ARA Libertad is a steel-hulled, full-rigged, class “A” sailing ship that serves as a school vessel in the Argentine Navy.One of the largest and fastest tall ships in the world, holder of several speed records, she was designed and built in the 1950s by the Río Santiago Shipyard, Ensenada, Argentina.Her maiden voyage was in 1961, and she continues to be a training ship with yearly instruction trips for the graduating naval cadets as well as a traveling goodwill ambassador, having covered more than 800,000 nautical miles (1,500,000 km) across all seas, visited about 500 ports in more than 60 countries, and trained more than 11,000 navy graduates.
Specs:
The ninth Argentine Navy vessel to bear the name Libertad, she has a total length (including bowsprit) of 103.75 m; a beam of 14.31 m; a draft of 6.60 m; and a displacement of 3,765 metric tonnes: these figures place ARA Libertad as the world’s sixth longest tall ship and the third heaviest in displacement.
Her complement is 357, including 24 officers, 187 crewmen and 150 naval cadets.
Among them an ever-increasing number of invited officers from friendly nations’ armed forces, personnel from the Argentine Army, Air Force and Coast Guard, students, journalists and distinguished people from different areas and disciplines, both local and foreign.
The ship’s follows the archetypal windjammer design, with a clipper bow and a wood-carved figurehead representing Liberty in a long flowing robe and a cruiser stern bearing the Argentine coat of arms in cast bronze.
She is an all square rigged vessel, with bowsprit and three steel masts –Fore, Main (height of 56,2 m), and Mizzen with boom– with double topsails and five yardarms each, which can rotate up to 45 degrees on each side. Five jibs are fixed to the bowsprit.All masts have five square sails, with the foremast and mainmast having three staysails, and the mizzen, a spanker, summing up 27 dacron sails with a total sail area of 2,652 square meters. Masts have a circular cross section, formed by welded steel sheets between 9.5mm and 12mm thick.
The vessel carries four fully functional 47 mm QF 3 pounder Hotchkiss cannons, 1891 model, which were transferred from the previous school ship ARA Presidente Sarmiento.

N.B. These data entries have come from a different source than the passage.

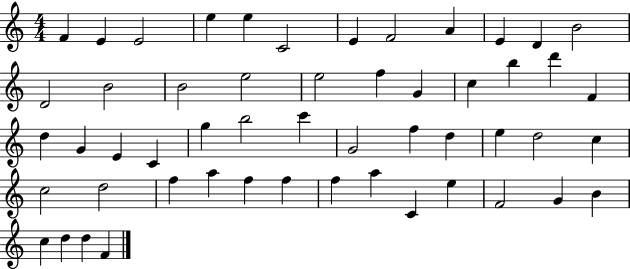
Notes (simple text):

F4/q E4/q E4/h E5/q E5/q C4/h E4/q F4/h A4/q E4/q D4/q B4/h D4/h B4/h B4/h E5/h E5/h F5/q G4/q C5/q B5/q D6/q F4/q D5/q G4/q E4/q C4/q G5/q B5/h C6/q G4/h F5/q D5/q E5/q D5/h C5/q C5/h D5/h F5/q A5/q F5/q F5/q F5/q A5/q C4/q E5/q F4/h G4/q B4/q C5/q D5/q D5/q F4/q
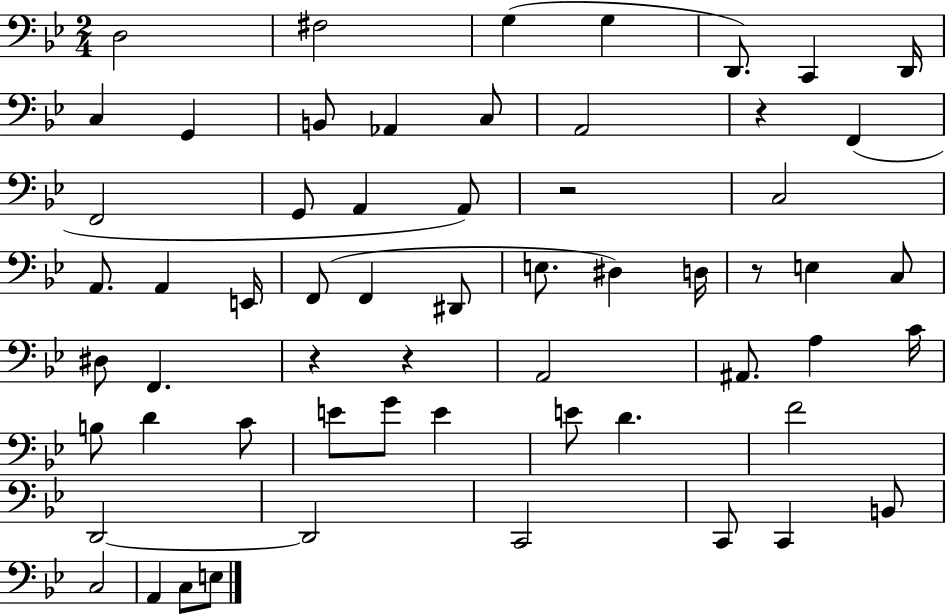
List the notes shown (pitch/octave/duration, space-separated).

D3/h F#3/h G3/q G3/q D2/e. C2/q D2/s C3/q G2/q B2/e Ab2/q C3/e A2/h R/q F2/q F2/h G2/e A2/q A2/e R/h C3/h A2/e. A2/q E2/s F2/e F2/q D#2/e E3/e. D#3/q D3/s R/e E3/q C3/e D#3/e F2/q. R/q R/q A2/h A#2/e. A3/q C4/s B3/e D4/q C4/e E4/e G4/e E4/q E4/e D4/q. F4/h D2/h D2/h C2/h C2/e C2/q B2/e C3/h A2/q C3/e E3/e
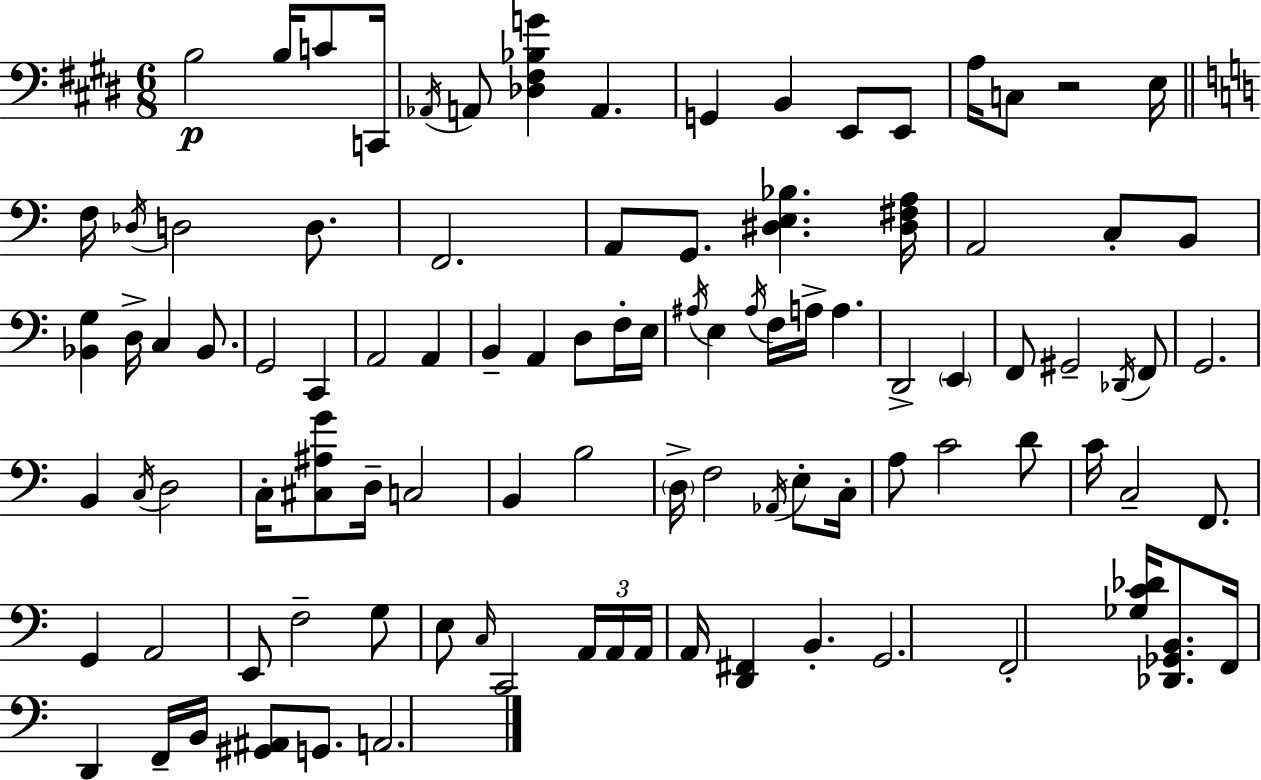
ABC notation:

X:1
T:Untitled
M:6/8
L:1/4
K:E
B,2 B,/4 C/2 C,,/4 _A,,/4 A,,/2 [_D,^F,_B,G] A,, G,, B,, E,,/2 E,,/2 A,/4 C,/2 z2 E,/4 F,/4 _D,/4 D,2 D,/2 F,,2 A,,/2 G,,/2 [^D,E,_B,] [^D,^F,A,]/4 A,,2 C,/2 B,,/2 [_B,,G,] D,/4 C, _B,,/2 G,,2 C,, A,,2 A,, B,, A,, D,/2 F,/4 E,/4 ^A,/4 E, ^A,/4 F,/4 A,/4 A, D,,2 E,, F,,/2 ^G,,2 _D,,/4 F,,/2 G,,2 B,, C,/4 D,2 C,/4 [^C,^A,G]/2 D,/4 C,2 B,, B,2 D,/4 F,2 _A,,/4 E,/2 C,/4 A,/2 C2 D/2 C/4 C,2 F,,/2 G,, A,,2 E,,/2 F,2 G,/2 E,/2 C,/4 C,,2 A,,/4 A,,/4 A,,/4 A,,/4 [D,,^F,,] B,, G,,2 F,,2 [_G,C_D]/4 [_D,,_G,,B,,]/2 F,,/4 D,, F,,/4 B,,/4 [^G,,^A,,]/2 G,,/2 A,,2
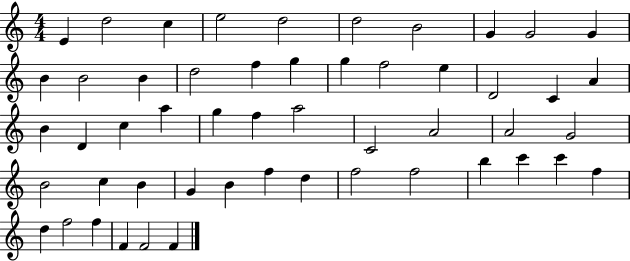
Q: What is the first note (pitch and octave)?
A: E4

Although only used as a protocolar salute battery, these cannons make Libertad the second most heavily armed tall ship in the world.
Trophies and notable voyages:In 1964 the frigate competed for the first time in a major offshore race for tall ships between the ports of Lisbon and Hamilton, Bermuda.
And in 1965 she completed her first round-the-world trip.
In 1966, during her fourth instruction voyage, ARA Libertad won the Great Medal Prize for establishing the tall ships’ world record for crossing the North Atlantic Ocean using only sail propulsion.
She did so by running between Cape Race (Canada) and the imaginary line going from Dublin to Liverpool –2,058.6 nautical miles (3,812.5 km)– in 8 days and 12 hours, a record that has not been beaten.
During the same trip, she also set the 124-hour run record for a sail school ship at 1,335 nautical miles,for which she was awarded the Boston Teapot Trophy.The captain was Commander Ricardo Guillermo Franke, and the Boston Teapot was presented by Prince Philip, Duke of Edinburgh in name of Queen Elizabeth II.Libertad has won the Boston Teapot Trophy nine times in total: in 1966, 1976, 1981, 1985, 1987, 1992, 1998, 2000, and 2007.
The ship last visited the UK in September 2000 when she called at Southampton Port and had previously visited London in 1995 and 1999.In August 1998 she was invited by the Royal Navy to participate in the International Festival of the Sea in Portsmouth, where she became one of the major attractions of the event.